Art. 2o Os órgãos e as entidades do Poder Executivo federal assegurarão, às pessoas naturais e jurídicas, o direito de acesso à informação, que será proporcionado mediante procedimentos objetivos e ágeis, de forma transparente, clara e em linguagem de fácil compreensão, observados os princípios da administração pública e as diretrizes previstas na Lei no 12.527, de 2011.
Art. 4o A busca e o fornecimento da informação são gratuitos, ressalvada a cobrança do valor referente ao custo dos serviços e dos materiais utilizados, tais como reprodução de documentos, mídias digitais e postagem.” (Disponível em: <http://www.planalto.gov.br/ccivil_03/_ato2011-2014/2012/Decreto/D77 24.htm>. Acesso em 30 set. 2012).
CONCLUSÃO
No mundo globalizado em que as corporações mundiais, alimentadas pelo sistema financeiro em crise, ditam as regras do modelo desenvolvimentismo, prevalece o caos e a decadência do modelo industrial fordista-taylorista, bélico, financista e consumista ao extremo.
As novas tecnologias alcançam progressos inimagináveis como a impressora 3D entre outras técnicas apuradas da terceira revolução industrial. Por outro lado identificamos massas famélicas, com aumento consideravelmente do desemprego e novas formas de “escravidão” do homem pelas multinacionais das grandes potências mundiais. Reflexos dessa realidade são detectados nos próprios países centrais a partir da lógica da descentralização do trabalho como forma de aumentar o lucro e de explorar as populações e as nações empobrecidas.
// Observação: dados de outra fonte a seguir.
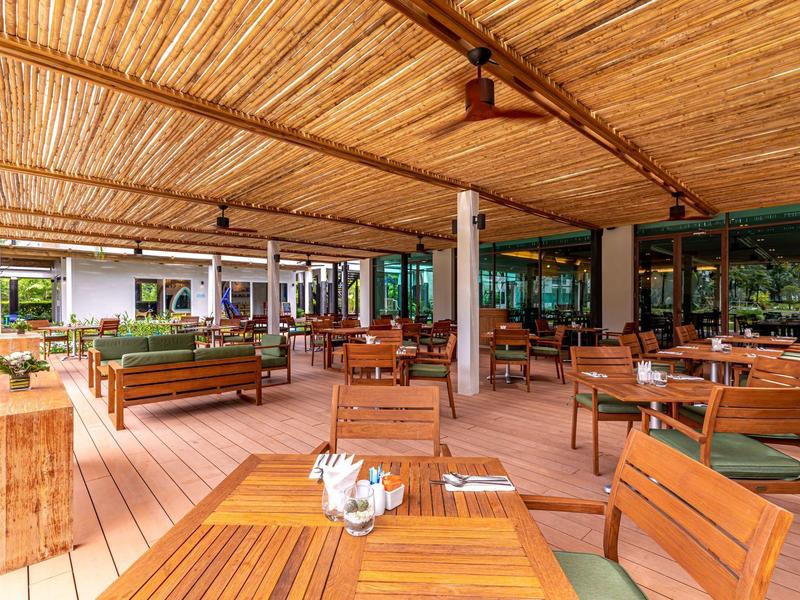 Überdachte Außenterrasse mit Holztischen und Stühlen in einem Hotelrestaurant.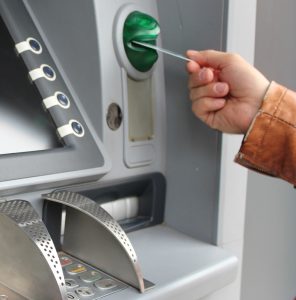 Eine Hand, die eine Bankomatkarte beim Bankomaten einführt. (c) Pixabay.com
Há, portanto, no modelo neoliberal em vigor no mundo atual uma má distribuição de bens e serviços entre nações desenvolvidas e em desenvolvimento ou que vivem abaixo da linha da pobreza, numa globalização econômica autoritária e excludente.
Essa apropriação imoral se dá, em especial, pelo aumento da exploração e privatização da riqueza entre proprietários dos meios de produção e despossuídos, cidadãos tratados como mero consumidores. O que resulta num aumento do contingente populacional pobre como reflexo da desigualdade social produzida pela lógica cumulativa e consumista, lógica que leva a condições desumanas ou degradantes, como o trabalho análogo à escravidão e a negação do respeito às diferenças sociais e étnicas.
Vida digna, na concepção do mínimo existencial, é entendida como direito a alimentação digna, a saúde, a educação de qualidade, a trabalho, a moradia, a liberdade, inclusive de ocupação dos espaços públicos pelo povo, inclusive à população pobre em situação de rua, ou seja, de ser tratado com respeito e dignidade por meio de políticas públicas que garantam o mínimo existencial ao cidadão.
O Direito, enquanto ética do humano, envolve a dignidade humana como núcleo estruturante, visando à realização da justiça, por isso o entendimento dessa dimensão no século XXI como direito humano fundamental. A igualdade fundamenta a moderna concepção do direito tendo em vista o campo da legitimidade numa perspectiva neopositivista, observada a axiologia (valores sociais) que rompe com o mero individualismo (ideologia neoliberal) e orienta o comportamento humano à luz da solidariedade.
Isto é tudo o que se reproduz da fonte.